Note: The line contact documentation presents details of a situation in which spline contact load distribution may sometimes cause difficult simulation convergence. The same situation can affect supported lines, so we refer the reader to the line contact modelling page for more information.

Defining support geometry

The support cylinder geometry is defined, with respect to the support, by the support type. The position of the supports is defined using the supports data on the owner's (vessel or 6D buoy) data form, using either the simple or explicit geometry specification method.

Using simple geometry

The simple geometry specification is a quick way to set up a basic stinger model, with the supports positioned along a user-defined support path. The support arrangements that can be modelled using the simple method are limited, because individual support orientations cannot be independently specified and the support positions are restricted to the plane of the support path.

To generate a supports model using the simple geometry method, first a support path must be defined. The path starts at the support path origin (defined with respect to the owner's axes), and is initially in the direction of the support path origin's $x$-axis.

The continuation of the support path is defined by the support path sections table. Each row of the table defines a section of the support path by its length and bend radius. These sections are added to the path, starting from the support path origin, in the order they are given in the table.

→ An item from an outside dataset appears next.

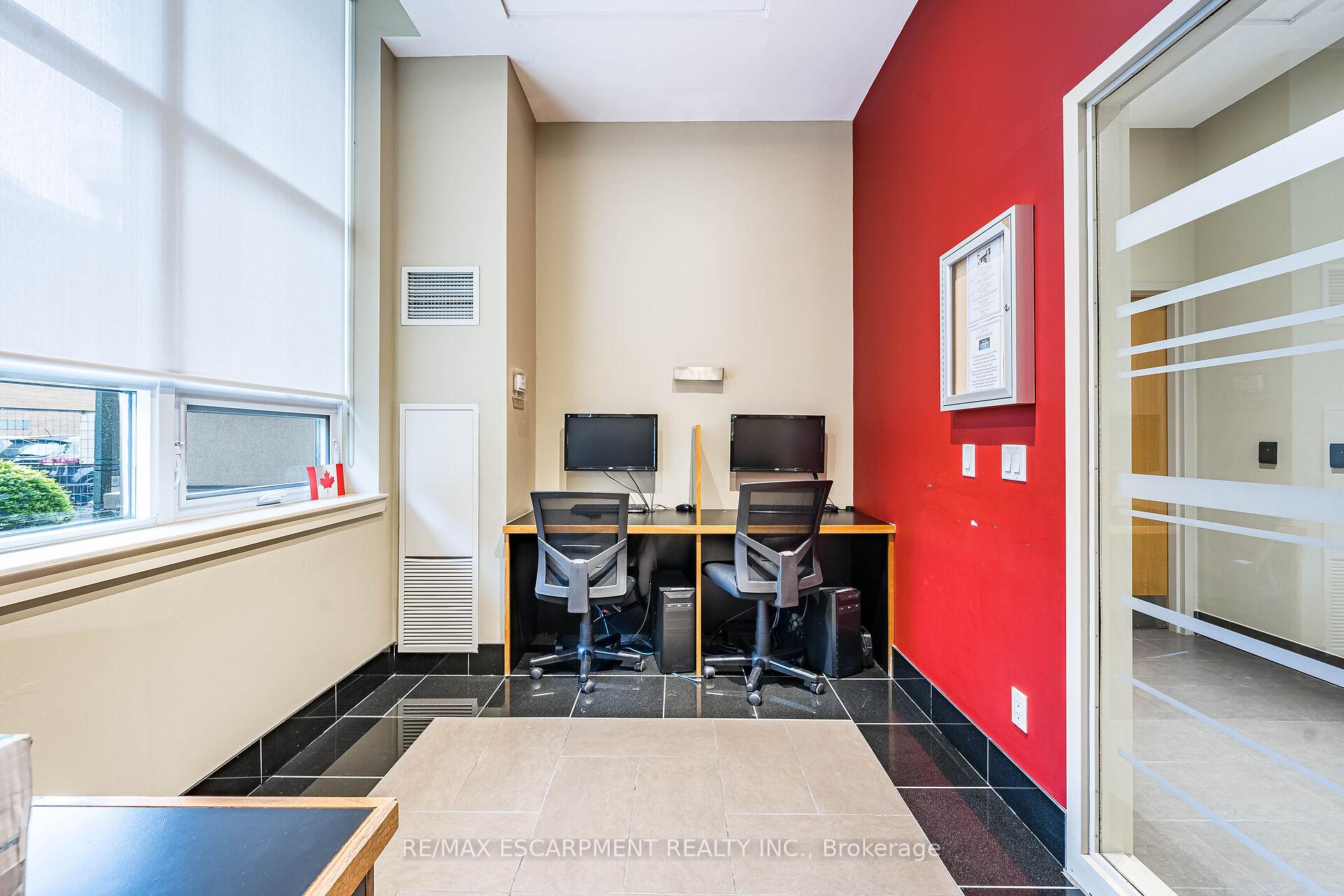 2 Bedrooms Condo at 4 Elsinore, Toronto For sale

The support path $x$ and $z$ directions, initially aligned with the support path origin axes, track with the path curvature.

Having defined the supports path, the supports themselves are placed along it according to the supports table, which defines their arc length along the path and their z offset from it in the path $z$ direction. For the purposes of reporting results, supports are referred to by their number in the supports table.

Figure: Support placement using the simple geometry specification.

Using explicit geometry

The explicit geometry specification gives you full control over the positions and orientations of individual supports. These are defined with respect to user-defined coordinate systems for complete flexibility: multiple supports can be associated with a single coordinate system, allowing for simple grouping of supports into frames which may then be moved or rotated en bloc.

User-defined coordinate systems are specified with respect to the owner's axes in the coordinate system table. Supports are then added to the support coordinates table, each of which nominates one of these coordinate systems and defines the support position and orientation with respect to this coordinate system.

Figure: Support placement using the explicit geometry specification.